Cardio year round after weights.


----------



## Bulldozer (Nov 24, 2006)

Depends what you call cardio.

I walk the dog about 14 miles total in a week and play badmington twice a week. 1 hour a shot. (yes yes , i know its a girly game lol)

Only do specific cardio when im dieting tho.


----------



## ianp (Aug 13, 2007)

I usually do more cardio than weights .... but then i have no mass, to speak of, to maintain


----------



## richiecoops (Mar 16, 2006)

Tend to do lots of early AM cardio (swimming/cycling).

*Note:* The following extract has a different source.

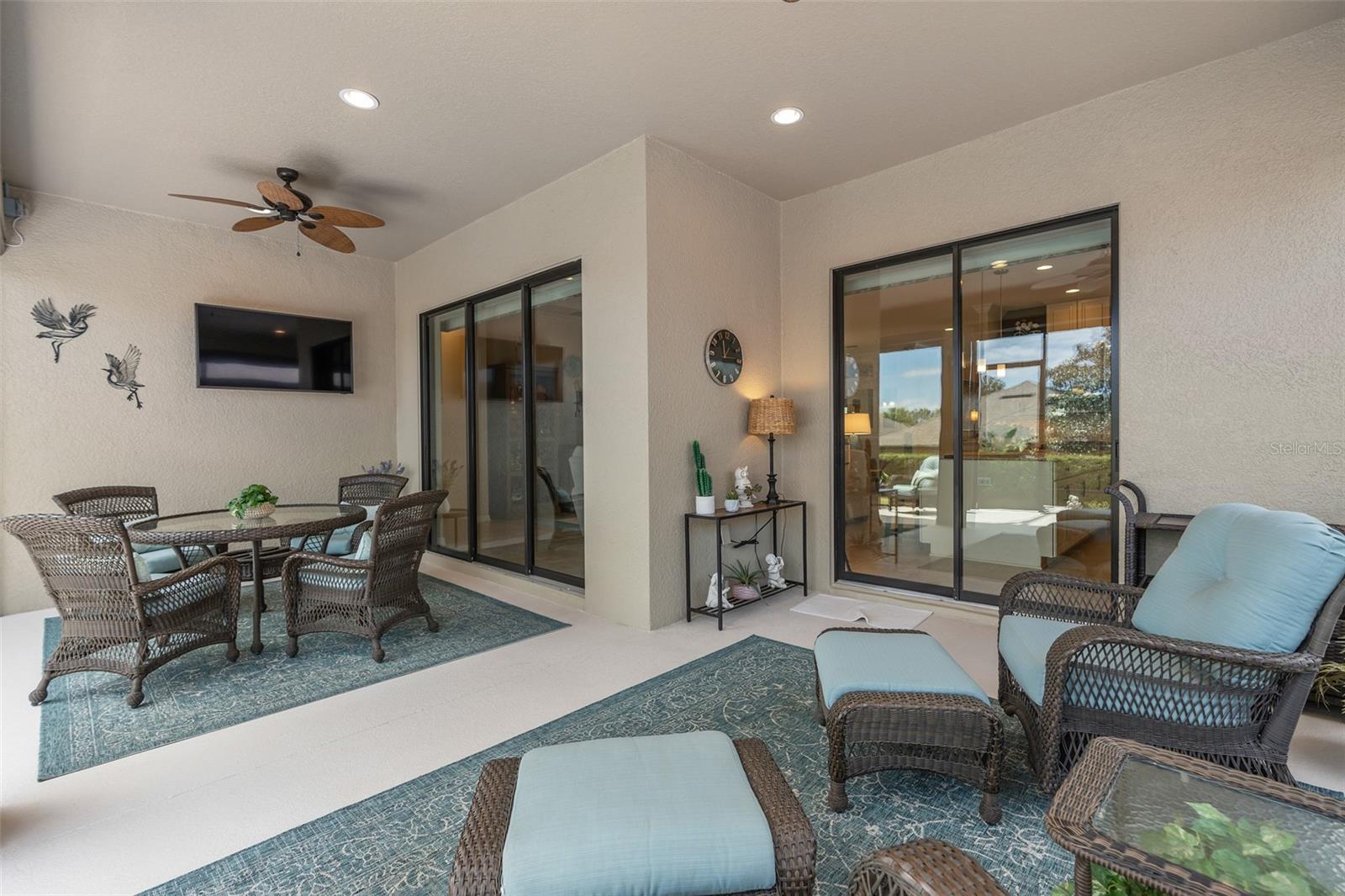 2530 STARGRASS CIR, CLERMONT, FL, 34715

Helps to wake me up and it gets it out of the way so I can spend the rest of the day eating, before weights workout in the PM!


----------



## bow chika wow (Aug 1, 2007)

I unfortunatly do 1hr cardio 3x a wk either rowing/x trainer/ bike before 7am or a bikeride in the country.

Play ice hockey 2-3 times a wk for 11 out of 12 months of the yr for a min of 1hr a session.

I go running twice a wk at night after 9pm for half hr.


----------



## Jane Bond (Aug 8, 2006)

i do around 7 dance classes a week (1hr each) and i run/jog for 1/2 hour a day and do a half hour walk every day too (school run- and we're always late, so its fast walking) also go on x trainer or treadmill for about 30 mins 2 or 3 times a week, usually after weights. oh and choreography uses a fair bit of energy too, thats about an hour a week on average.


----------



## 3752 (Jan 7, 2005)

i do treadmill all year round the only thing that changes is the frequency and length of time


----------



## chem1436114520 (Oct 10, 2006)

same has paul just contest up the time and intensity


----------



## leeston (May 30, 2006)

weights - mon, wed and fri. Cardio tues and thursday


----------



## chem1436114520 (Oct 10, 2006)

i do 30 to 40 mins before meal 1 mon to fridays treadmill or stairmaster


----------



## mickus (Aug 30, 2007)

I go for a 45min walk after din or before din with the girl each evening if weather permits..


----------



## paulo (Feb 17, 2007)

walking all year round-outside,its great to keep leanish want to lose fat,just increase length and frequency-also good for clearing your head


----------



## brasco (Mar 3, 2007)

im trying this i usually just do it when dieting, bulking a bit now but got another hol comming up so do some cardio on the bike after weights 4 times a week seems to be workin!


----------



## AussieMarc (Jun 13, 2004)

3 times a week with clients (for 30 mins), cross-country bike ride on a saturday (rain, hail or shine), rock climbing or golf on sunday (not that golf is cardio - as we even hire buggies  ).. or during summer go to the beach to surf on sunday instead..

i know i do too much cardio but i won't stop riding, surfing or climbing anytime soon.


----------



## Old Man GABA (Jul 24, 2003)

I do Xtrainer for 40-50mins from 6am mon - friday only, have to justify the cost of buying the thing to the wife, so have to use it. doh!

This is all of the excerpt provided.